*What to work on*: The output should match, line for line, the records from the line containing "DIMPLE HAYATHI CURVY BABE SEXY FIGURE TEASE" through the line containing "Sacou elegant cu ștrasuri", with every picture left out.
----- Source data -----
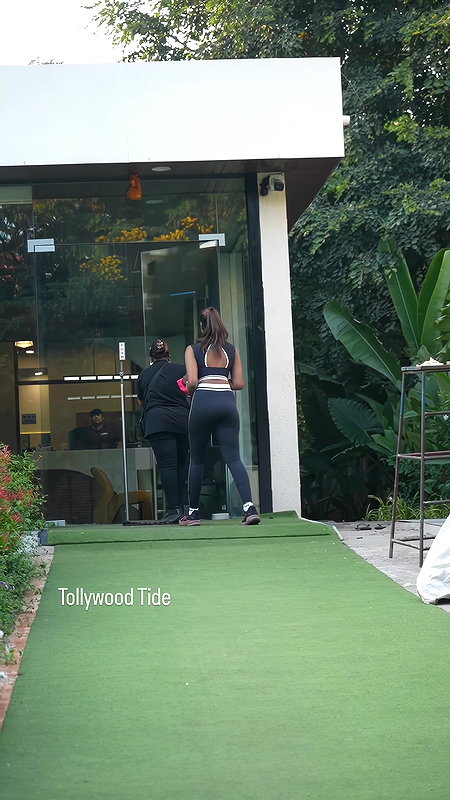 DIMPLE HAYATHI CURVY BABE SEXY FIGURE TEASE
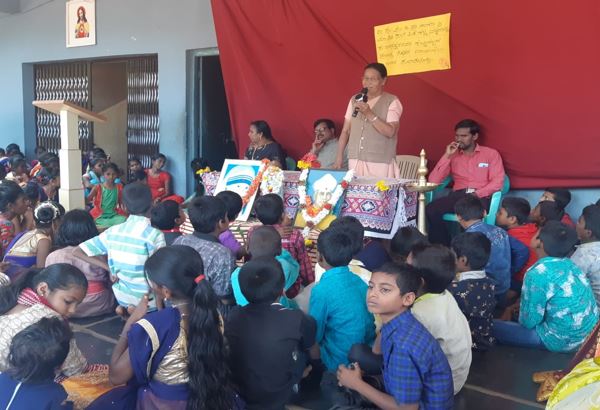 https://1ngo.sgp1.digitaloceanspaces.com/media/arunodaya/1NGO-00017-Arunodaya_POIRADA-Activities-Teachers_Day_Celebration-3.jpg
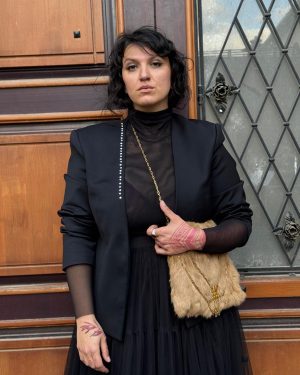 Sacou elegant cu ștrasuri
-----
----- Source data -----
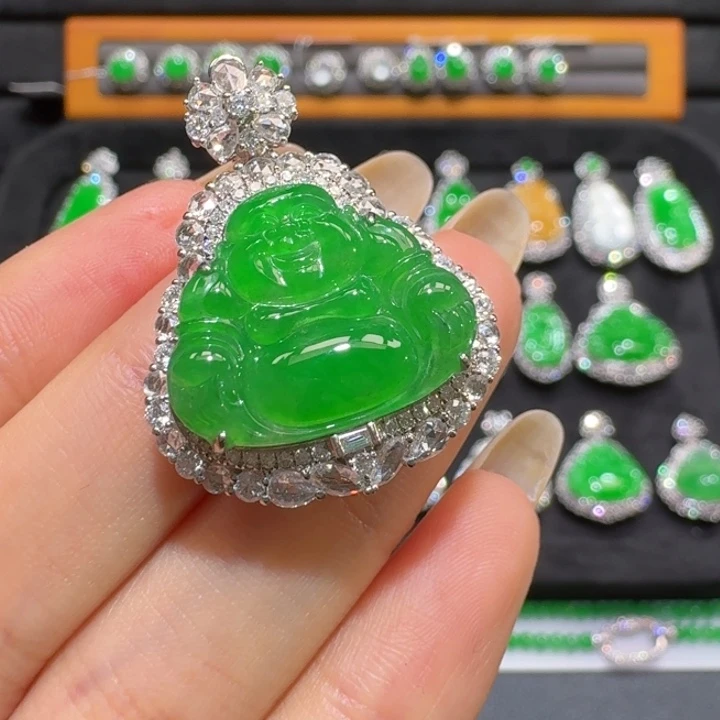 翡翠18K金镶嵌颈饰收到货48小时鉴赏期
-----
----- Source data -----
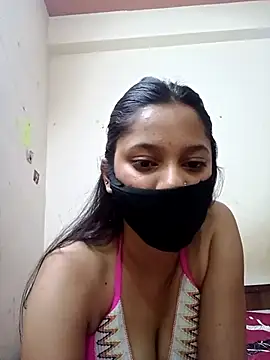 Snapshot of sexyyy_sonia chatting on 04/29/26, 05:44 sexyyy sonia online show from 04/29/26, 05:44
-----
*Expected answer*:
 DIMPLE HAYATHI CURVY BABE SEXY FIGURE TEASE
 https://1ngo.sgp1.digitaloceanspaces.com/media/arunodaya/1NGO-00017-Arunodaya_POIRADA-Activities-Teachers_Day_Celebration-3.jpg
 Sacou elegant cu ștrasuri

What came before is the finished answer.